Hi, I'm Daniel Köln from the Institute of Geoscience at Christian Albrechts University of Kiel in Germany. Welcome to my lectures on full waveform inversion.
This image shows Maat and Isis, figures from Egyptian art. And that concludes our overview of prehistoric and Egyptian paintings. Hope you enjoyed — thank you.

___

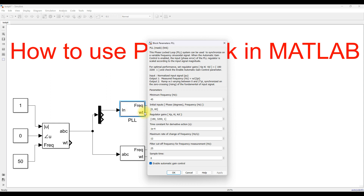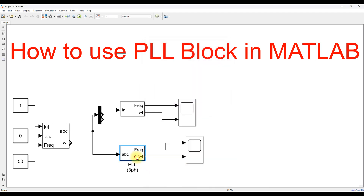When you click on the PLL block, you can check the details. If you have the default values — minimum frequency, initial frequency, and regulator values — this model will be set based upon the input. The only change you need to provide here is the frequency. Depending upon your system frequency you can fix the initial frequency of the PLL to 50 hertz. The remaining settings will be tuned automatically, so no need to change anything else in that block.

___

The task.
Would you please copy each line of the listing that contains the word "from"?

Final answer.
Hi, I'm Daniel Köln from the Institute of Geoscience at Christian Albrechts University of Kiel in Germany. Welcome to my lectures on full waveform inversion.
This image shows Maat and Isis, figures from Egyptian art. And that concludes our overview of prehistoric and Egyptian paintings. Hope you enjoyed — thank you.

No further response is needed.